Machining and Machinery


People often think of the machining and machinery industry as being limited to operating machine tools. A machine tool is a power-driven machine, not portable by hand, that is used to shape or form metal by cutting, impact, pressure, electrical techniques, or by a combination of these processes. Operating a machine tool, however, is just one of the many occupations in the machining and machinery industry.

To remain competitive, companies must invent, improve, and anticipate the future needs of its customers. To accomplish these goals, the industry needs a variety of competent and creative workers. In this industry, the development process begins with research engineers, and in some cases, industrial designers, who analyze market needs and decide what new products are in demand. They are usually part of a team that includes marketing specialists, production personnel, sale representatives, and manufacturing experts. Once the research team has envisioned a new product, design engineers and technicians devise the method of its construction.

A manufacturing engineer then designs the machines, or the configuration of equipment, that will construct the product. Once the product has been designed, the rest of the manufacturing process simply involves creating the item. However, depending on what the product is—a mold for an injection-molding machine, a plastic component for a cellular phone, or a component part for another machine, for example—the subsequent production steps will vary.

Many types of workers are involved in all aspects of the machining and machinery industry. For example, in addition to design engineers and industrial designers, there are workers such as general maintenance mechanics, who operate and repair machines and mechanical equipment. More complex power-generating equipment in industrial plants is operated and maintained by stationary engineers, who receive specialized training.

Some workers, like boilermakers and millwrights, install huge pieces of machinery. Precision machinists construct machines, while layout workers and job setters prepare workpieces and machines for operation. Industrial engineers devise efficient processes that use machines and workers together, and in manufacturing, mechanical engineers develop the specifications for machines and tools.

Instrument makers design the electrical equipment that measures and regulates machine operation, while numerical control tool programmers write the computer instructions to run machines.

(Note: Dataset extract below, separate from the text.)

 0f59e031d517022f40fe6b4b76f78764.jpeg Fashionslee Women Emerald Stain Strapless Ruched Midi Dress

Precision metalworkers, such as tool and die makers and mold makers, design and produce dies and molds that manufacture products with machines. Fluid power technicians install and maintain component parts of machines. Finally, in the field of nondestructive testing, industrial radiographers and laser technicians utilize techniques to determine the quality of products made by machines and components that will be used in machines.

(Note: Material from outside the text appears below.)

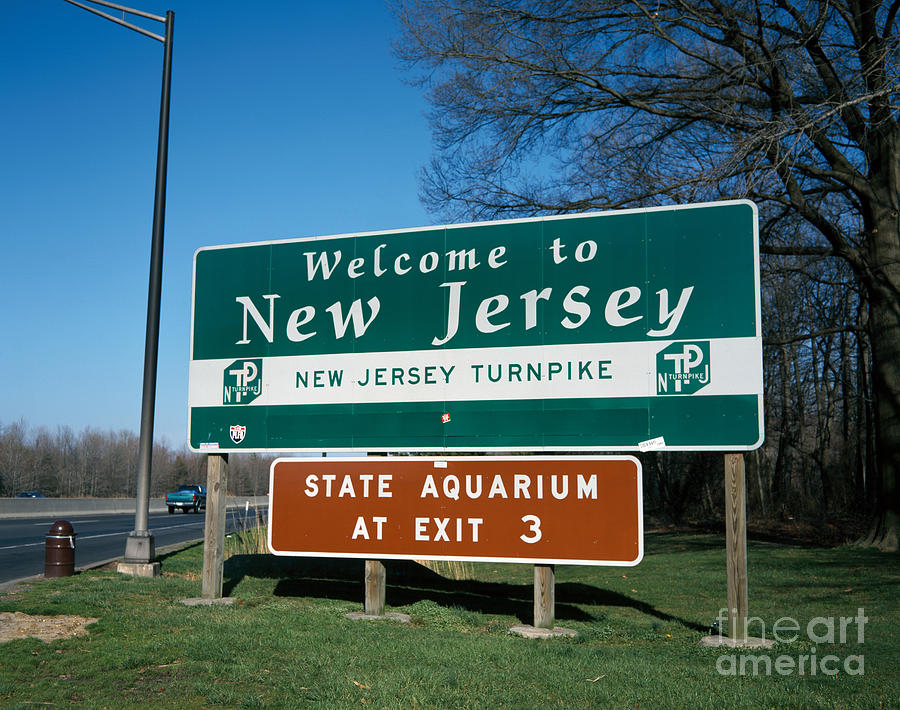 New Jersey Welcome Sign Photograph by Rafael Macia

Each of the careers in this industry offers its own opportunities for advancement. Workers with the best potential, however, are those who become skilled at what they do, seek further training or education, and always remain aware that changing technology and a global economy will affect jobs and opportunities in their industry. Trade associations and unions, in an effort to improve the skill level of workers and keep them in the industry, often offer multiple levels of training and certification. Some are short-term programs, but many last several years because of the knowledge required in specific jobs.

In order to advance in their careers, some workers who enter the machining and machinery industry choose to travel the road from apprentice to journeyworker. Some choose to move from programming or tool and die making to design, while others become trainers and supervisors or move into technical sales and customer support. Those who dream of owning their business should remember that most of the small businesses in this industry are owned by people who came up through the ranks.